4 thoughts on “You don’t have to take it as gospel

  1. I find (my experience) that I understand better a particular part of the bible when I reference the new and old testaments on the subject. For example, after hearing the news a couple days ago about The United Nations naming The Temple Mount as only Muslim site, when we all know the Jewish origins, and the controversy it seemed to start, I wanted to know more on the meaning of this, then and now. The old testament gave the origins and meaning (especially for Jews) and through the new testament I understood the great significance of the temple as an allegory for Christians, and how it all ties together. I was in awe, because I never saw it that way before. Without making this too long let me see if I can explain.
    *God tells Israel to build temple and purify it (blood) so He can inhabit it to be able to talk to people back then. There were many restrictions.
    * The temple becomes the holy site where God resides, His spirit.
    * In the new testament, the Temple takes a new meaning.
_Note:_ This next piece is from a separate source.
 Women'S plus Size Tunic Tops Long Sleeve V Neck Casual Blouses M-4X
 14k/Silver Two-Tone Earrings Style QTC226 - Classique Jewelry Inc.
God sends Jesus.
    *Jesus dies (blood sacrifice) so anyone who believes in Him can be closer to God (saved) and receives the Holy Spirit of God.
    *Therefore we become temples for the Holy Spirit, and as a result God can talk to us in that way.
    And of course there are so many levels of depth to this …

    Knowing this, I understood the great significance of the United Nations step, and why Jews and Christians do not agree.

    Food for thought. I hope it wasn’t too long. Hard to resume it in a few bullets. I will check out your new site.